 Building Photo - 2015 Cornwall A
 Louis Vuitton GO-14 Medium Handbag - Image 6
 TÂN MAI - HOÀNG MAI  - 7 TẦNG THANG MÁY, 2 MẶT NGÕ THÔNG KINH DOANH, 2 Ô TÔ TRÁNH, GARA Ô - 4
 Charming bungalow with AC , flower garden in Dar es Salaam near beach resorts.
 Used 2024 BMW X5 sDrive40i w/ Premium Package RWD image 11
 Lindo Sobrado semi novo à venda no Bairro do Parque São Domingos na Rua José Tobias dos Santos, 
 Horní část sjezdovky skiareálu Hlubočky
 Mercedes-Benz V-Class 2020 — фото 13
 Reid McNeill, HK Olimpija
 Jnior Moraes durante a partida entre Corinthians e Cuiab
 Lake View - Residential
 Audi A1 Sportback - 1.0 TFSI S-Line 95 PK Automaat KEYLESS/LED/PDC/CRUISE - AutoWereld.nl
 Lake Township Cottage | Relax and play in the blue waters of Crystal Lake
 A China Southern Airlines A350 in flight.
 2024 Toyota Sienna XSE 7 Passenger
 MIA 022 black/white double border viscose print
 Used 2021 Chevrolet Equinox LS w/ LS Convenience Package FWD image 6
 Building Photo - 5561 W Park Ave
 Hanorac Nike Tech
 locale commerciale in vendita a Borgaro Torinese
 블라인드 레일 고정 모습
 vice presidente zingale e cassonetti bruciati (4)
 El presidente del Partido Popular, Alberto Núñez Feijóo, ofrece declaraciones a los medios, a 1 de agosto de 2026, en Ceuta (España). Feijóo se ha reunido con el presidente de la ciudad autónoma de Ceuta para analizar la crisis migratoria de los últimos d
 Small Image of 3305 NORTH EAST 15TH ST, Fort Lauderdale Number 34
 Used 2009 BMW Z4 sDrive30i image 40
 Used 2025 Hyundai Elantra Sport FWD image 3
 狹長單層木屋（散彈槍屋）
--
◆ **Exercise brief**:
Across the listing, how many lines contain the word "presidente"? Give the number without further comment.

◆ **Worked solution**:
2